Several tuberculosis cases found among squatters of abandoned Badalona high school
Health authorities say treatments are underway on non-contagious cases, after mayor criticizes experts for being "irresponsible"

The Catalan health department has registered around a dozen tuberculosis cases among the hundreds of squatters living at the abandoned high school, B9, in Badalona, north of Barcelona.
The nine positives would have been infected within the center due to coexistence, as first reported by the Spanish newspaper El Periódico and later confirmed by the Catalan News Agency (ACN). Meanwhile, health experts rule out defining the situation as an outbreak, as it technically means that there are more cases than the ones currently recorded.
Experts say that several of the people who occupied the abandoned high school in the summer of 2023 had already tested positive for tuberculosis. The public health body has treated all of the occupants.
Meanwhile, the Badalona mayor, Xavier Garcia Albiol, criticized public health authorities for not reporting to the Badalona city council that there were several cases of tuberculosis among the occupants of the abandoned high school.
The mayor said that between 400 and 500 people occupied the site, and the process of evicting them started in 2023.

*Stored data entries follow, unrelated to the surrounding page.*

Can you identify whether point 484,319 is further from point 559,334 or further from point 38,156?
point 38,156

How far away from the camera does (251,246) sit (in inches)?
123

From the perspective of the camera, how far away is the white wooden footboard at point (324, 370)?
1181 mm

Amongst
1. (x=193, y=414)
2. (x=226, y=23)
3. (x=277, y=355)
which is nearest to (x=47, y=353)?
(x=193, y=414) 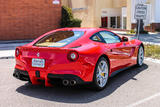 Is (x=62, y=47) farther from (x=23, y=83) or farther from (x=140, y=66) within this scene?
(x=140, y=66)

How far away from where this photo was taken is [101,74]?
497cm

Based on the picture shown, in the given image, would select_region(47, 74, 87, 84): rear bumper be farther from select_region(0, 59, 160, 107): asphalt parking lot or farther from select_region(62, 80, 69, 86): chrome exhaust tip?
select_region(0, 59, 160, 107): asphalt parking lot

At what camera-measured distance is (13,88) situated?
5.22 meters

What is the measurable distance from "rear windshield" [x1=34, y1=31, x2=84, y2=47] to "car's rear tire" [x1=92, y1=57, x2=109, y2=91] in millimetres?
757

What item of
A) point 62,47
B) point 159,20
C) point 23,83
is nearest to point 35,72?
point 62,47

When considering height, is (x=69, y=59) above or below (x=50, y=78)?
above

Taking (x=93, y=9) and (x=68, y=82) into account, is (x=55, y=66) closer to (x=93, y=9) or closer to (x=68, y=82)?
(x=68, y=82)

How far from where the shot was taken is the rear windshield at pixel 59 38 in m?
4.86

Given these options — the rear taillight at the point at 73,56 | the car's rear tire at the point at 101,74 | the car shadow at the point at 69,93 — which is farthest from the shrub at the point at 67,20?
the rear taillight at the point at 73,56

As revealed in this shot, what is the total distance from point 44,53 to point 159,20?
1043 inches

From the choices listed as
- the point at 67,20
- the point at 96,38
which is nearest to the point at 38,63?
the point at 96,38

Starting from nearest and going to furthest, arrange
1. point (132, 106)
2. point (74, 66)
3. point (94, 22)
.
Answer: point (132, 106)
point (74, 66)
point (94, 22)

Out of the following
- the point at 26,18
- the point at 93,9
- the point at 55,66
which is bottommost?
the point at 55,66

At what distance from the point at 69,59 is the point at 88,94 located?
2.91ft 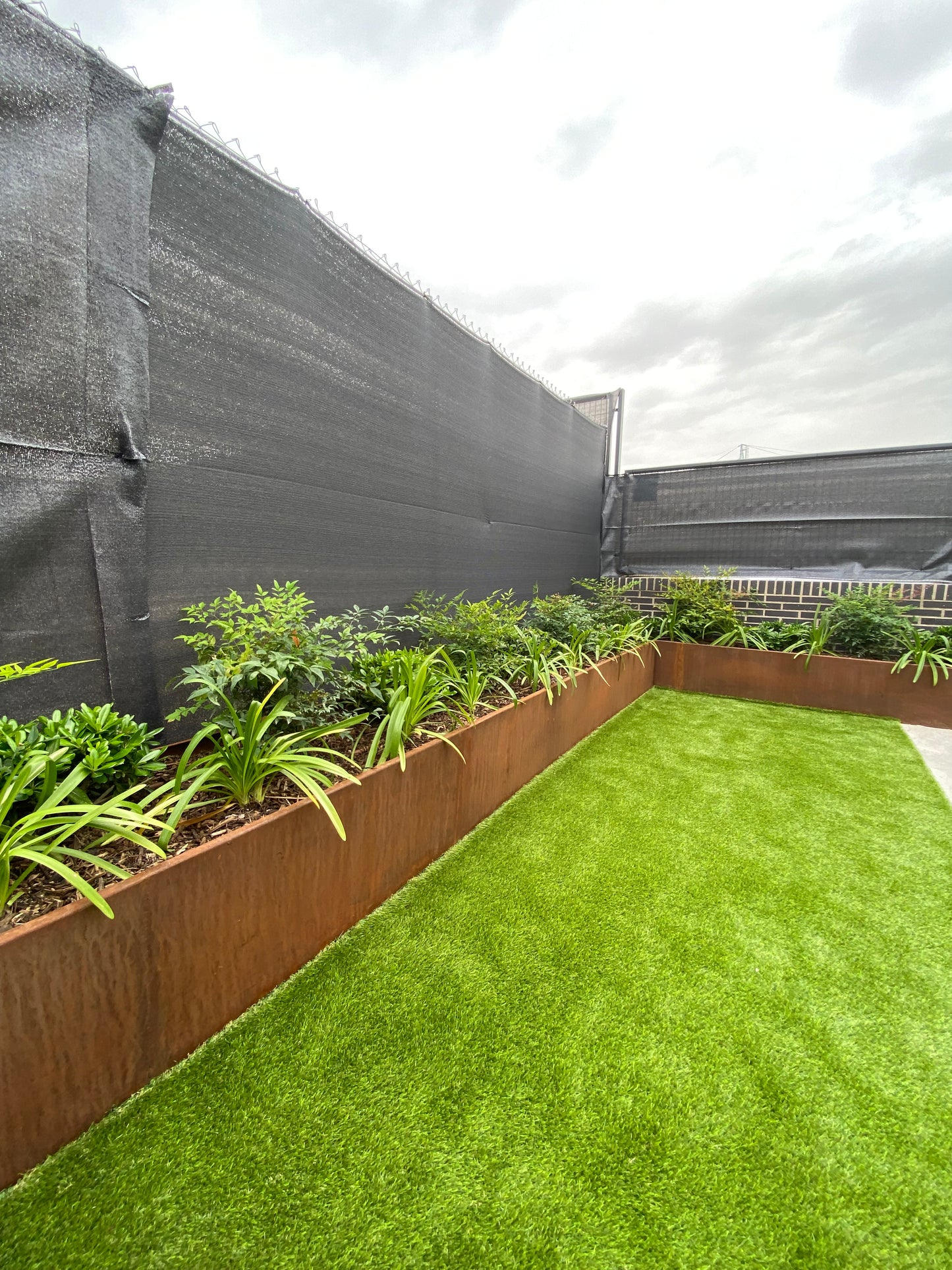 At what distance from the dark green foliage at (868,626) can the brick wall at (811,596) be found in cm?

Albiol said that no one will leave the premises if there was risk of spreading the cases to Badalona or Sant Adrià de Besòs, a neighboring municipality, to the publicly owned abandoned high school.
"We are on the last steps to be granted a day and hour to enter and to empty the site, we are working side-by-side with the Catalan interior ministry and the Spanish government delegation in Catalonia, as we could probably be facing the largest eviction in Catalan history," Albiol told media outlets on Friday.
He added that it is an "irresponsibility" not to warn the city council, and that the Catalan health department must inform city councils and health authorities of positive tuberculosis cases.
Later in the day, Albiol said that after speaking with Olga Pané, the Catalan health minister, and being told that there was no risk of spreading the infection, the eviction will continue as planned.
At the moment, the city council is pending the official confirmation from judicial authorities that the eviction has been green lighted and a day to start the process.

Public health officials
At the same time, the deputy director of emergency responses and control of the Catalan public health system, Jacobo Mendioroz, said that the people who tested positive have already started treatment and are not contagious.
He said that the situation is "quite under control," but they cannot say it is "over" as symptoms can take months or years to appear.
Mendioroz also said that the department did not report the cases to the city council, as there was no risk for civilians. "If we had thought that there was a risk for nearby residents, we would have spoken to local authorities," he said before explaining that "tuberculosis is not like Covid-19, there must be a contact for several hours in an indoor space."